DATA FOR REVIEW

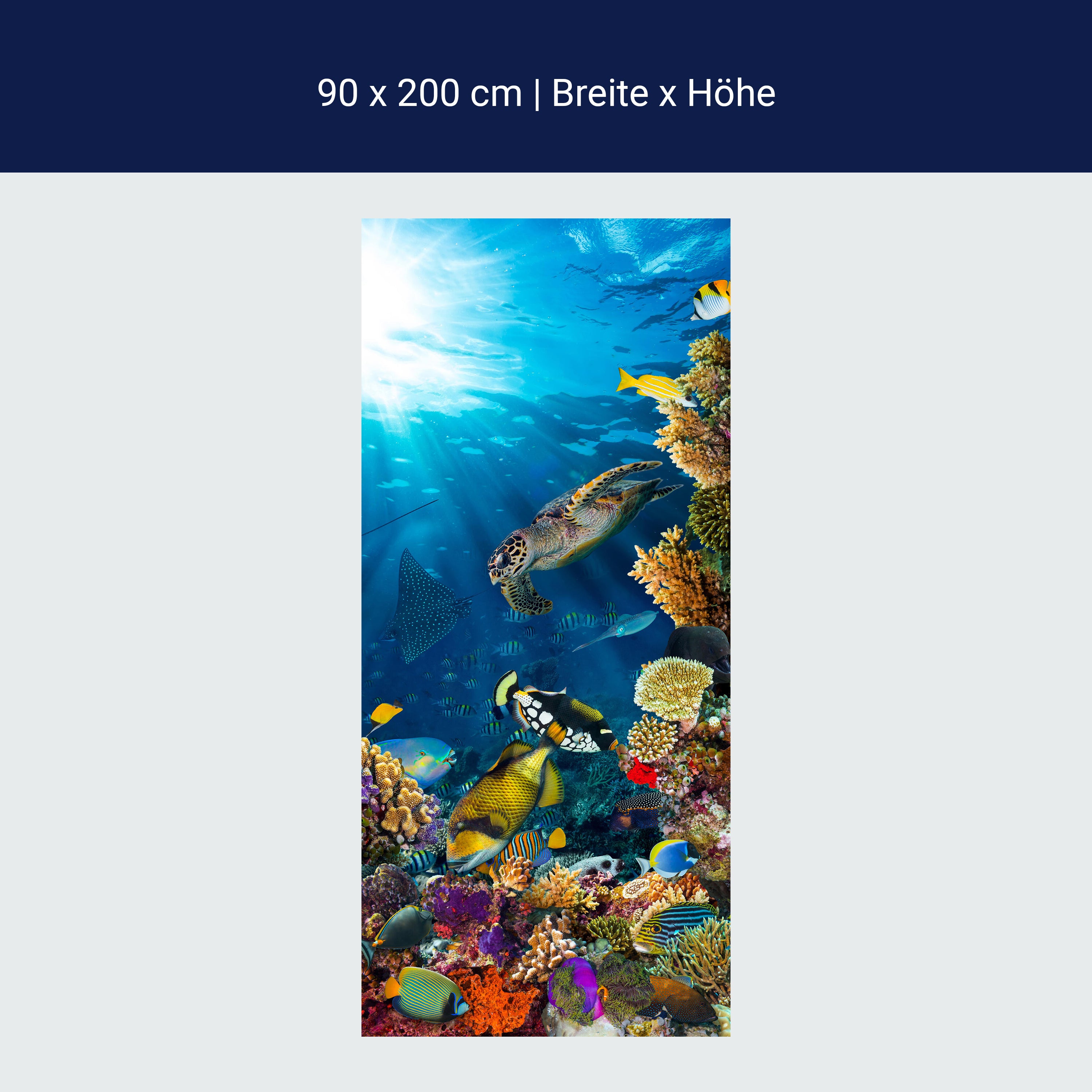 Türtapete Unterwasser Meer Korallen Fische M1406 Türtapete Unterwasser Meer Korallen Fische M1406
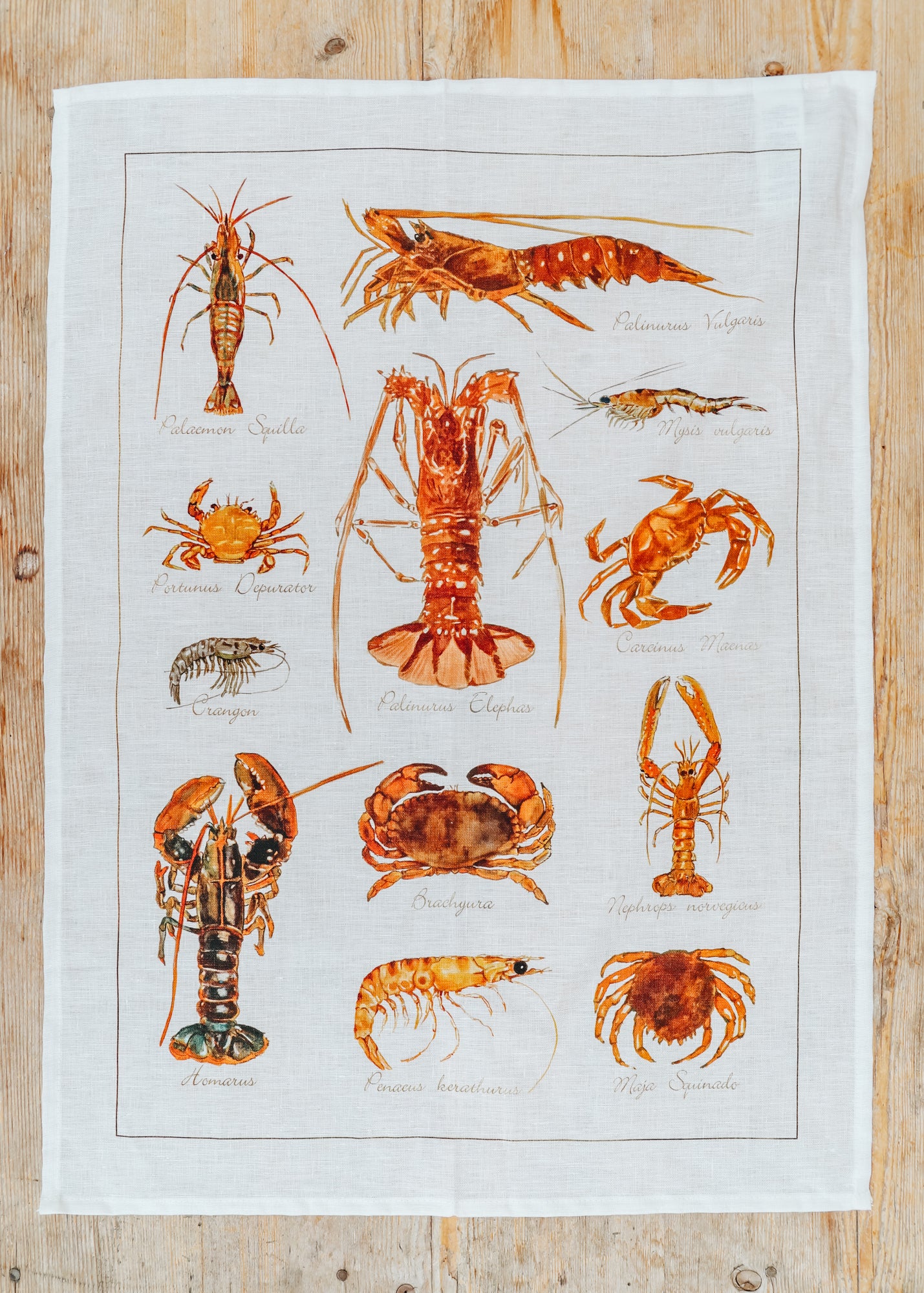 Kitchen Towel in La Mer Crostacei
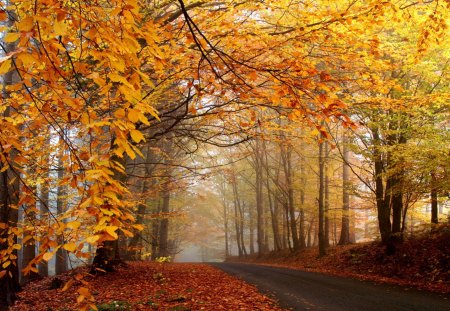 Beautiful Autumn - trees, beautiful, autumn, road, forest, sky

---

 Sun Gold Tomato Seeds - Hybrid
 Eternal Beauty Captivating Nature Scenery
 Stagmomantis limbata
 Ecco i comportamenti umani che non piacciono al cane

WORK ITEM
Pictures aside, print exactly the lines above starting with the one containing "Kitchen Towel in La Mer Crostacei" and going on through the one containing "Beautiful Autumn - trees, beautiful, autumn, road, forest, sky".

COMPLETED EXERCISE
 Kitchen Towel in La Mer Crostacei
 Beautiful Autumn - trees, beautiful, autumn, road, forest, sky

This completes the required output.